Creed has also concocted a pineapple-rich fragrance with Aventus, in homage to Napoleon's favorite dessert, Royal Pineapple. And now My Burberry Black is simply luscious. Imagine your roasted pineapple spiced up with star anise, dripping with generous, warm cane sugar syrup, while you drink a cup of rose tea, Kusmi Rose Tea, say.

You might even be having a nibble of crystallized, green and soft angelica at the same time. And there might be a hint of mint. All this conspires to create a rarefied gourmand perfume, one that does not eat the same thing as most people do. No oranges, no apples, no lychees. Just, no. Just, oven-roasted pineapple - and it is completely decadent and addictive. The scent of pineapple comes across as "young," rather than fresh, as well as optimistic - and finally, quirky. Herbaly nuances add a more austere contrast recalling Balenciaga La Fuite des Heures' kitchen-cabinet herbals, but it's one Germaine Cellier could not have created because it simply was not, then, the era of gourmands.

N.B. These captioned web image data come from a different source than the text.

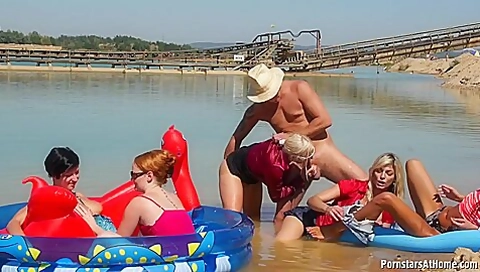 Proudly Public Wetlook Fucking 1 With Klarisa Leone, Nicolette And Bibi Fox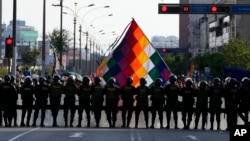 Agentes de policía impiden a manifestantes antigubernamentales dirigirse al Congreso, en el marco de la cumbre de Cooperación Económica Asia-Pacífico (APEC) en Lima, Perú, el miércoles 13 de noviembre de 2024.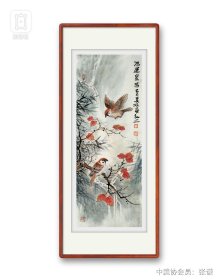 鸿运泉鸣（麻雀）25×65宣纸软片未裱，装框图为效果图。 张谦原名张勇，字文进，号天东人，又号游心堂主。张宝珠先生入室弟子，早年随王炳龙老师学习花鸟。现为中国美术家协会会员，山东省美术家协会会员，山东画院画师，中国画创作研究院院聘画家，肥城市第九届十届政协委员。1968年生于山东肥城。2014年考入北京大学艺术学院中国画方向研究生班，就读于范扬工作室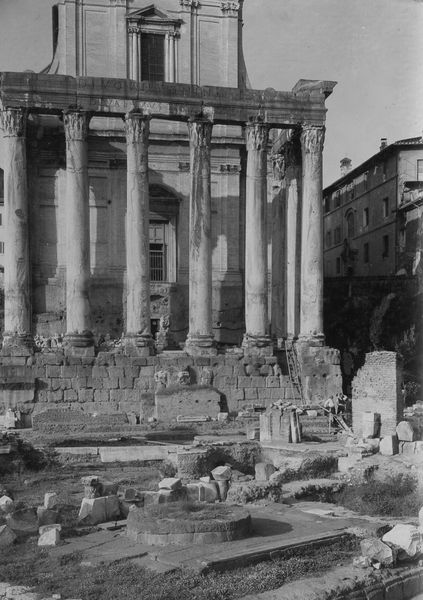019857 - monumento - Tempio di Antonino e Faustina, veduta frontale, prima degli scavi della Basilica Emilia, con vista della Regia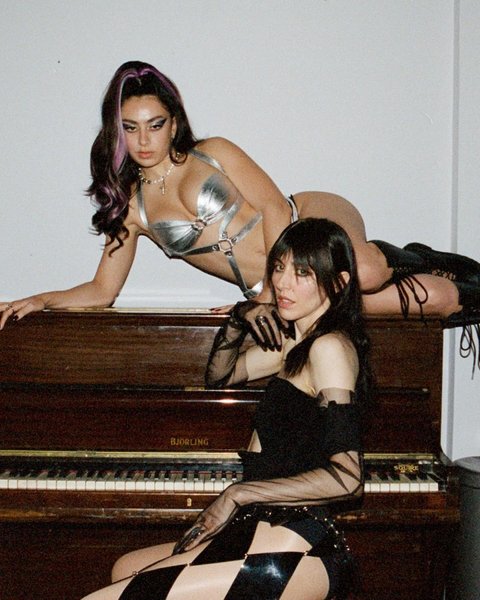 Thumbnail of c2fhn4-tpwd-3c7363ff858b4dd2 0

The drydown sets up a new olfactory mood, with the scent of what resembles green cassis leaves.

My Burberry Black earns its appelation as a "parfum": it is very long-lasting, enveloping and nuanced over the course of its full development. No tattered composition with unseeming olfactory "holes" letting in cold drafts of air, instead of fragrance, due to budget constraints and technical stalling. No, this is a warm, full, round parfum, which renews your interest in exploratory gourmands, instead of satiating it.